Wochenlang produzierten Schüler am Berufsschulzentrum (BSZ) mit ihren Lehrern Geschenkartikel für einen guten Zweck. Nun luden sie zum traditionellen Weihnachtsbasar in das BSZ. Sie verköstigten die Gäste in einer Showküche, in einem Café und an Weihnachtsständen. Sie unterhielten die Besucher auf einer Showbühne oder verkauften ihre selbstproduzierten Weihnachtsartikel.

Weihnachtliche Deko, die wachsen muss

Angehende Gärtner stellten vor den Augen der Gäste 50 Adventskränze her und verkauften 228 Weihnachtssterne sowie 100 weitere Rittersterne und Christrosen. Gäste konnten einen Holzwürfel erwerben und ihn bei einem Rundgang in fünf verschiedenen Werkstätten bearbeiten lassen, aus dem dann sukzessive ein bepflanzbarer Kräuterwürfel entstand.

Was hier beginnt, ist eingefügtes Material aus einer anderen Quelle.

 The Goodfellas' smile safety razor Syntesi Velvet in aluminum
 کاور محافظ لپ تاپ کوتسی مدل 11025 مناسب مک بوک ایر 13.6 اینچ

Parallel präsentierten sie Interessierten die vom BSZ angebotenen Schularten. Insgesamt wurden 1600 Schüler in Schichten eingeteilt – unterstützt von rund 140 Lehrern am BSZ. Sie bauten duzende Stände auf, produzierten und verkauften Geschenkartikel aus Holz, Metall, Textilien und Papier oder zeigten Werke in einer Kunstausstellung. Sie bedienten die Gäste oder unterhielten Kinder mit einem Hindernislauf.

Die Hauswirtschaft betrieb ein Cafe und produzierte 40 Linzer Torten, die bereits eine Stunde nach der Bazar-Eröffnung ausverkauft waren. Die Meisterinnen der Hauswirtschaft verkauften Keksmischungen, gebrannte Mandeln un hausgemachte Steinpilznudeln.

Weihnachtsbasar für hunderte Besucher

In der Showküche kreierten angehende Köche über 400 Probierportionen eines Mehrgänge-Menüs. Mit schulpflichtigen Jugendlichen buk Konditor Jürgen Wolf 150 ofenfrische Hefemänner, 300 Tüten Weihnachtsgebäck und 40 Christstollen. Schüler und Lehrer experimentierten mit Gästen in den Labors oder veranstalteten ein Quiz.

Sie zeigten CAD-Muster, gestalteten bunte Figuren, sogenannte Piñatas, die man mit Süßigkeiten füllen kann oder verkauften selbstgefertigte Stoffbeutel, die Besucher bemalen konnten. Im Friseursalon zeigten Auszubildende das Flechten und Einbringen von Locken und Strähnen ins Haar.